Risk/Reward Vol. 360
THIS IS NOT INVESTMENT OR TAX ADVICE. IT IS A PERSONAL REFLECTION ON INVESTING. RELY ON NOTHING STATED HEREIN.
Excellent earnings reports, a calm bond market, a good jobs report and most importantly TINA (There Is No Alternative--to stocks, that is) again combined to send the Dow Jones Industrial Average to record highs. Euphoria is everywhere. Indeed, on Friday, Jim Paulsen, the former chief investment strategist at Wells Fargo, said that given the current low interest rate environment and the lack of inflation the bull market could "continue forever." Talk about exuberance! But is it irrational as claimed by former Fed Chair Alan Greenspan on Friday?

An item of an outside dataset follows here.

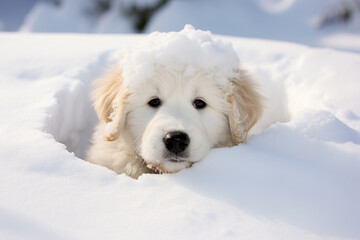 A white Golden Retriever puppy frolicking in the snow, covered in snow, peeking out from a hole in the snow, snowy landscape, cuteness, playfulness - obrazy, fototapety, plakaty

As I have written exhaustively in the past, the current stock "bubble" is a direct result of central bank policies world wide. Every major central bank has driven interest rates to zero and beyond in the hope of creating inflation which they believe is necessary to spur economic growth and prosperity. This logic was explained in detail in Vol. 359
http://www.riskrewardblog.blogspot.com/. Clearly, the logic is faulty, but central banks have shown no inclination to revisit it. The two factors that they believe will cause inflation are low unemployment and low interest rates. Well, Friday's jobs report puts unemployment at a remarkably small 4.3%, and yet inflation remains stubbornly low. Indeed, a report from the G-20 (the 20 largest economies in the world) released on Thursday indicates that inflation in the developed world is currently as low as it was in 2009-- at the depths of the recession. With unemployment so low, that leaves low interest rates as the only inflationary tool left in the box. As long as the Federal Reserve, the ECB, the Bank of England and the Bank of Japan continue the current low rate environment, the stock market should continue to do well. Forever, Jim? I doubt it. Let's just say the bulls will continue to run until they don't.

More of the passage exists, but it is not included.